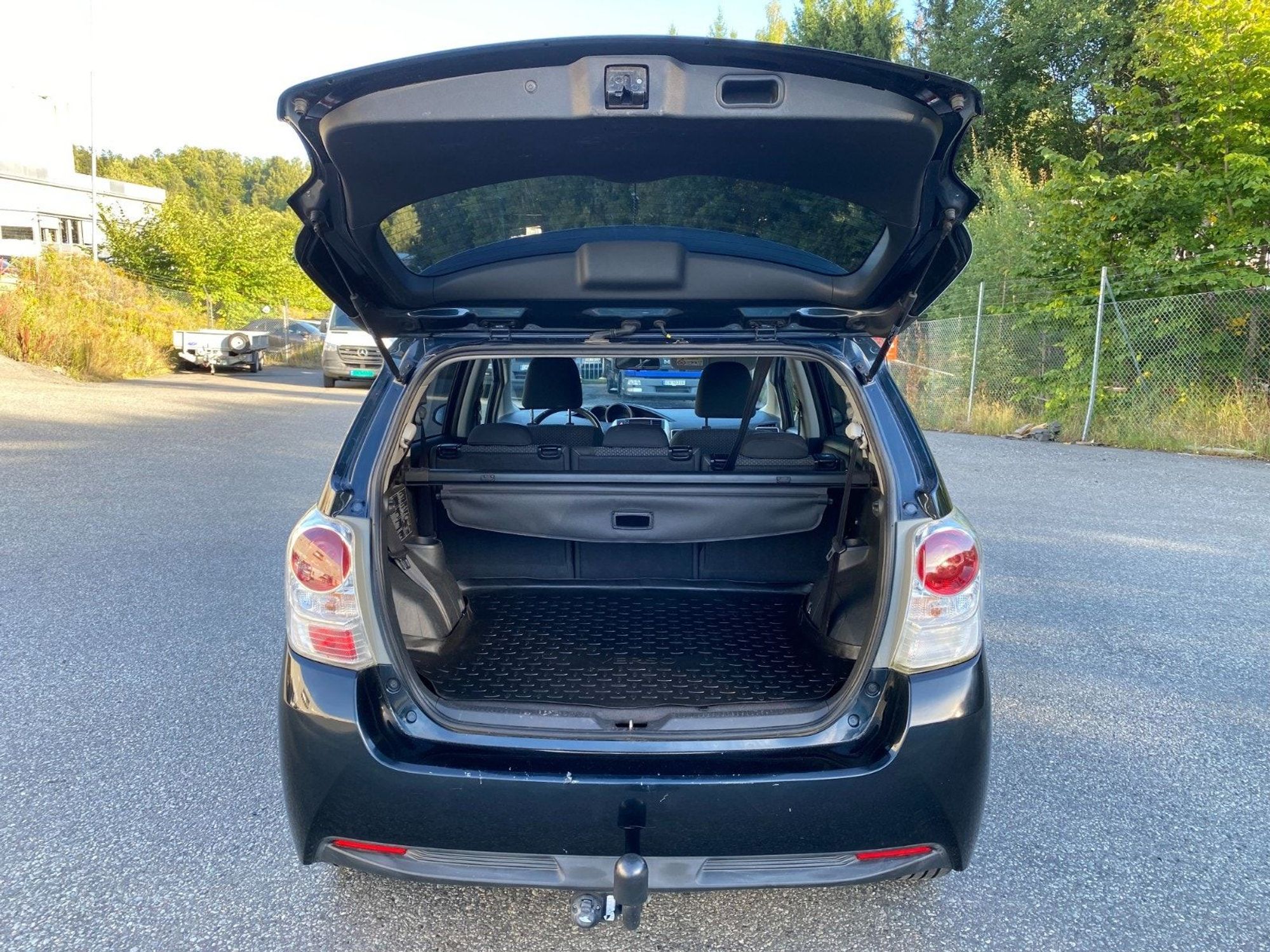 Toyota Verso 1.8 Valvematic Multidrive S, 147hk, 2013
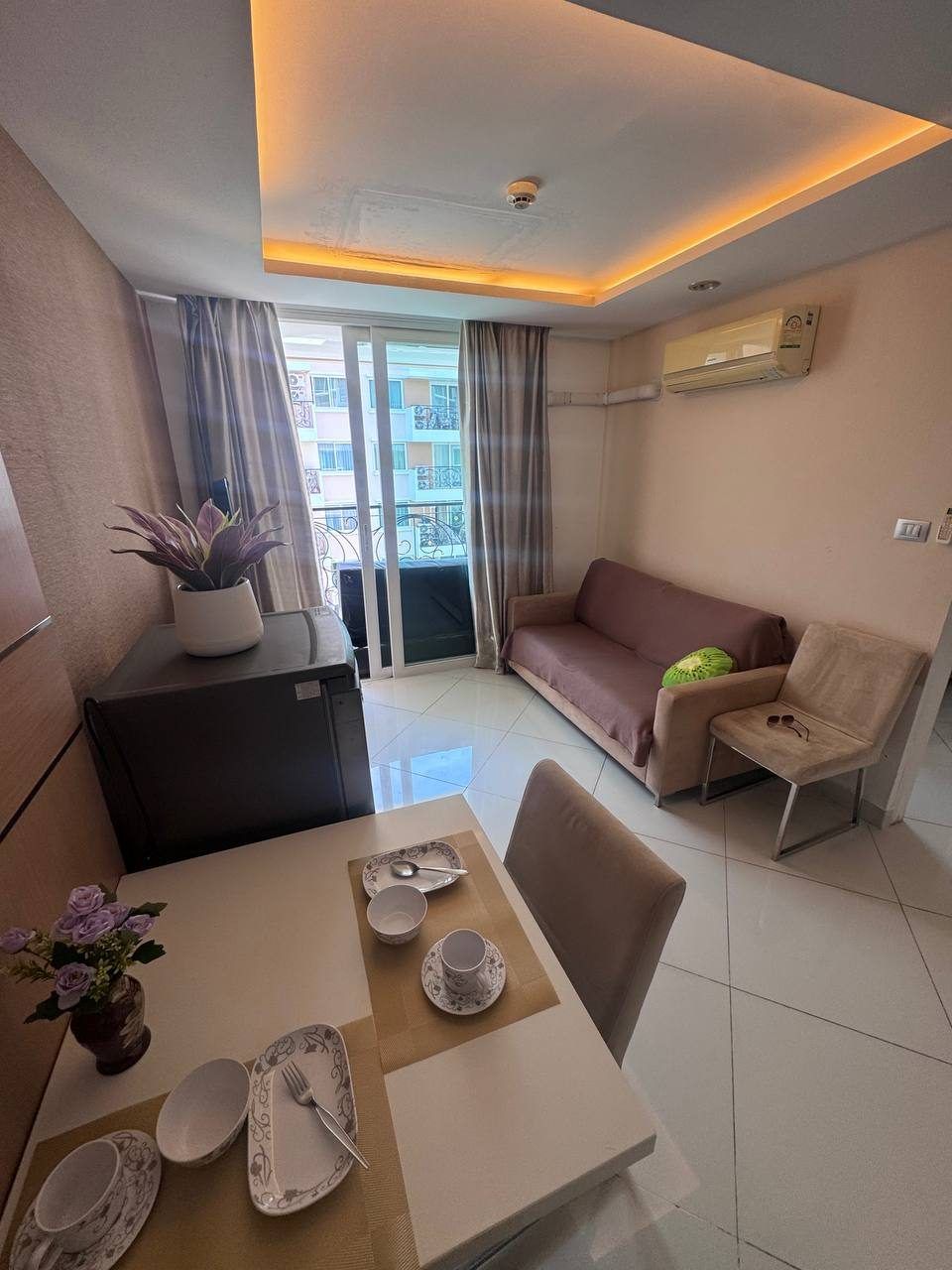 1-bedroom квартира посуточно и помесячно — 3
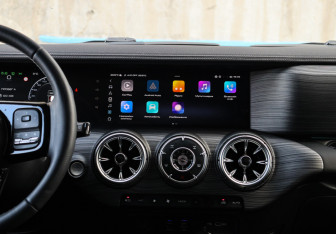 Подержанный автомобиль Tank 300 2023 года (12 фото)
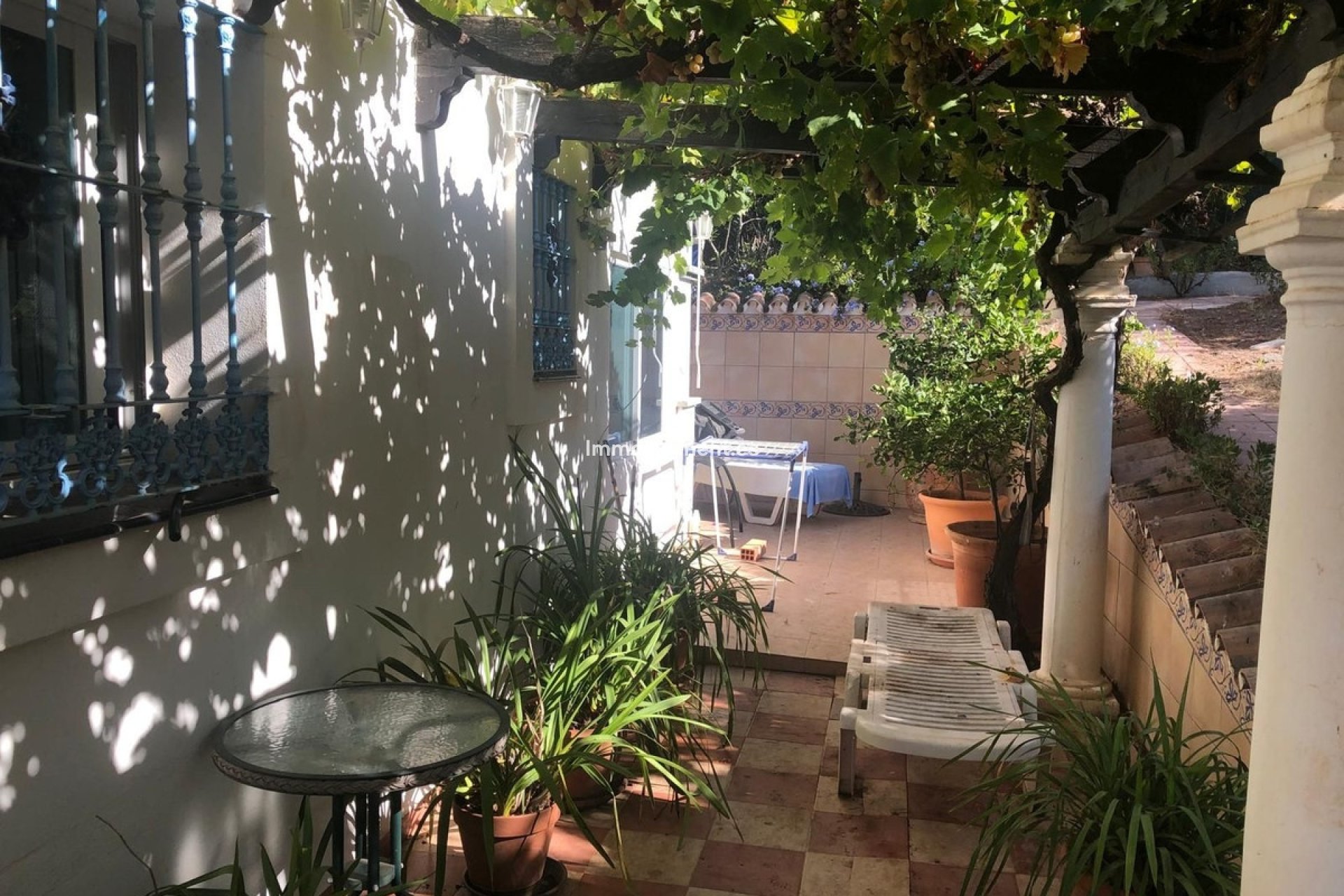 Resale - Detached villa - Mijas Costa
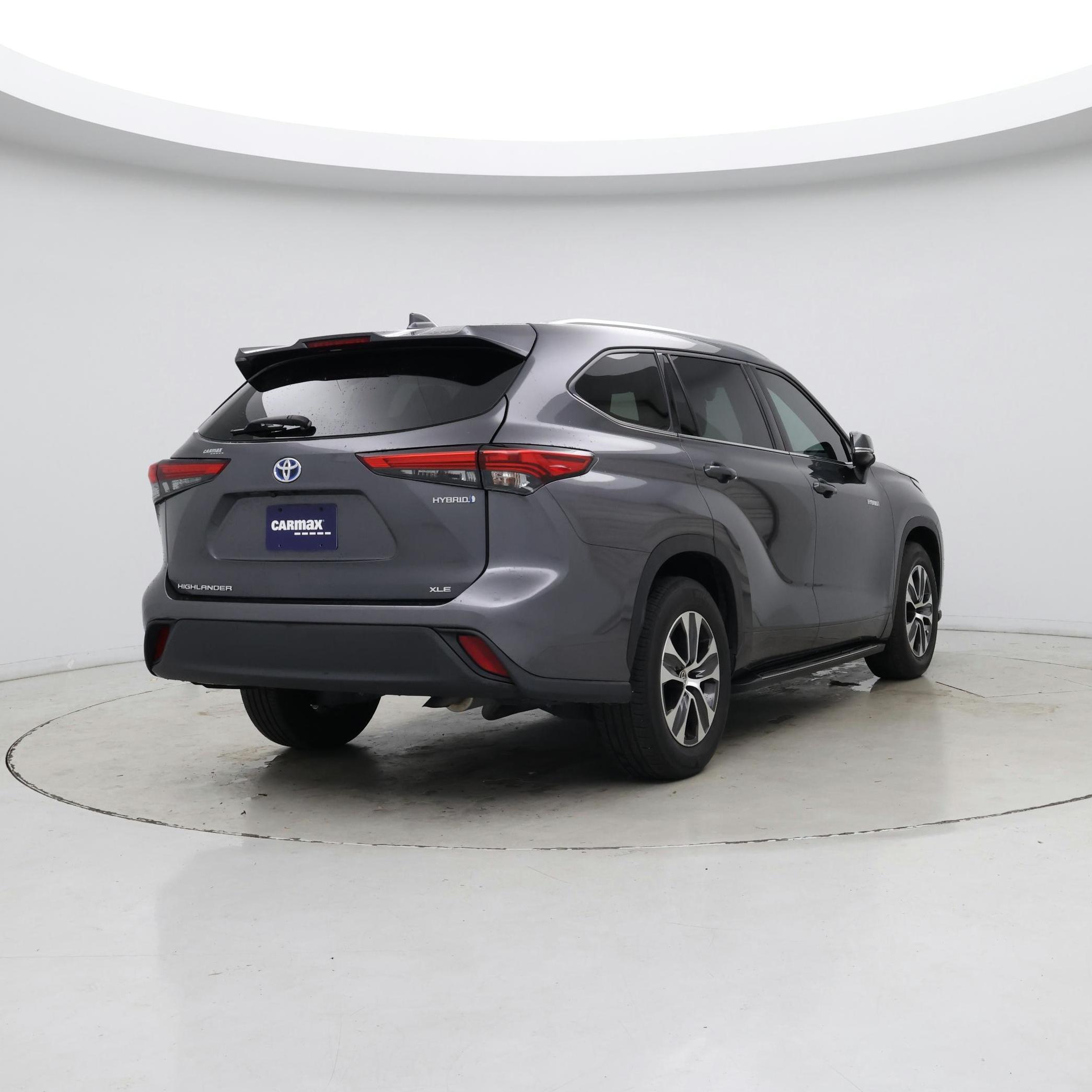Thumbnail: 2021 Toyota Highlander - 8
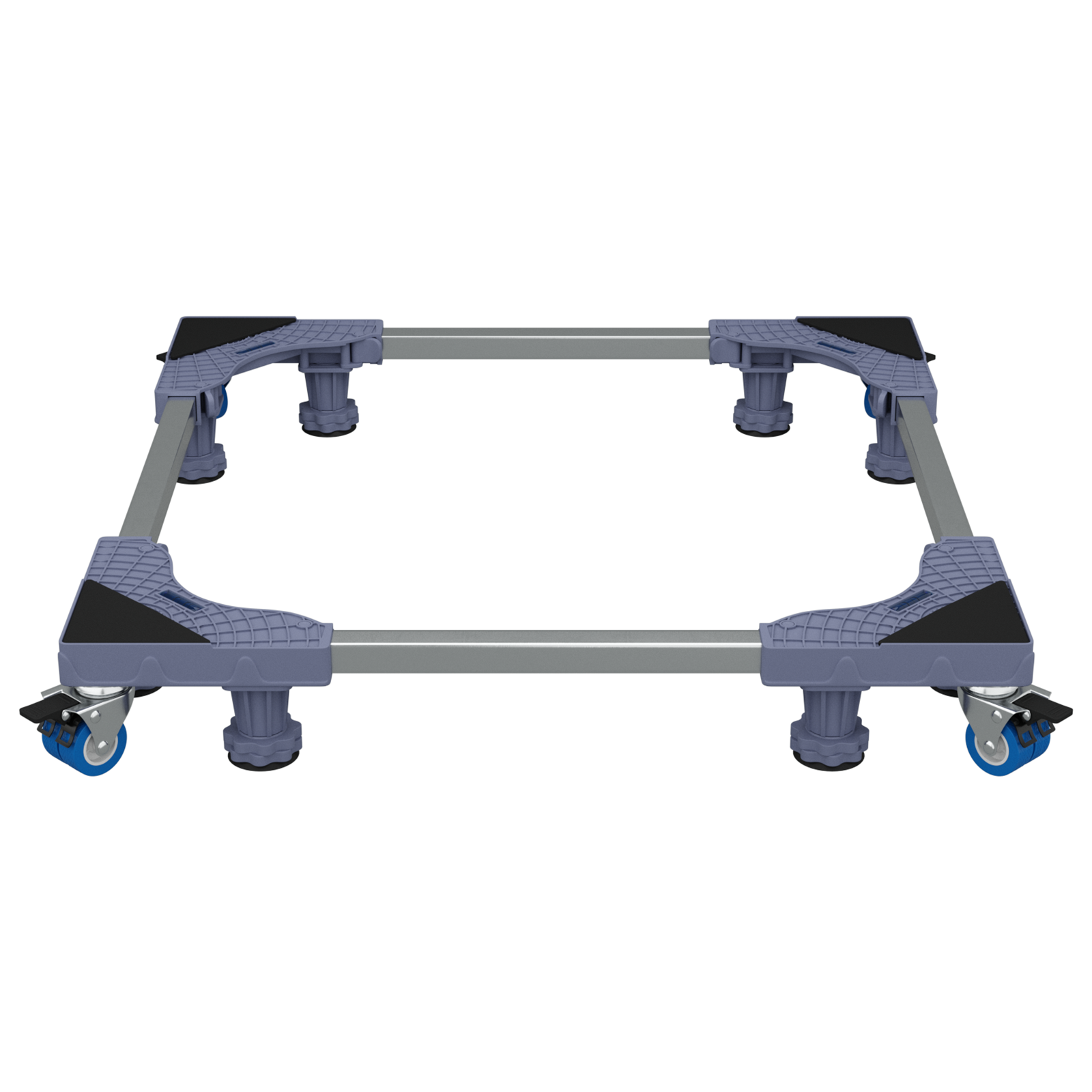 Base per Lavatrice con Ruote Regolabili 250 kg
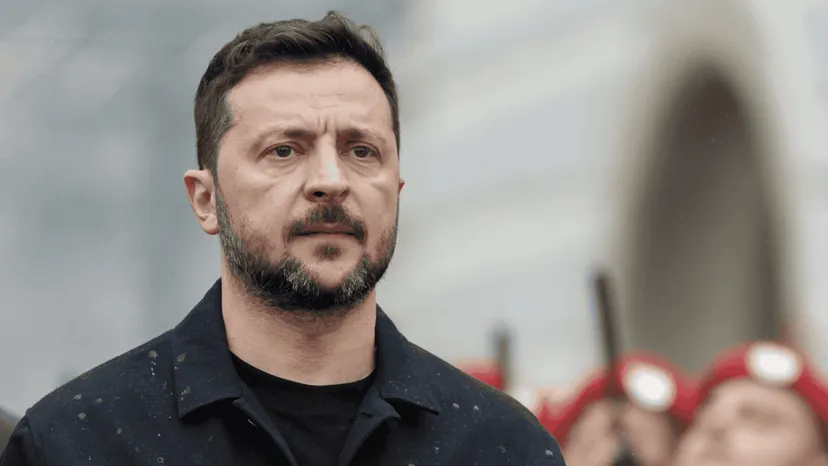 Takie są wypłaty Nawrockiego i Zełenskiego. Wiadomo, który prezydent zarabia więcej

Requirement. Only the lines from the one containing "1-bedroom квартира посуточно и помесячно — 3" through the final line of the data are to be written out, exactly as they stand and without pictures.

Solution to this problem.
 1-bedroom квартира посуточно и помесячно — 3
 Подержанный автомобиль Tank 300 2023 года (12 фото)
 Resale - Detached villa - Mijas Costa
Thumbnail: 2021 Toyota Highlander - 8
 Base per Lavatrice con Ruote Regolabili 250 kg
 Takie są wypłaty Nawrockiego i Zełenskiego. Wiadomo, który prezydent zarabia więcej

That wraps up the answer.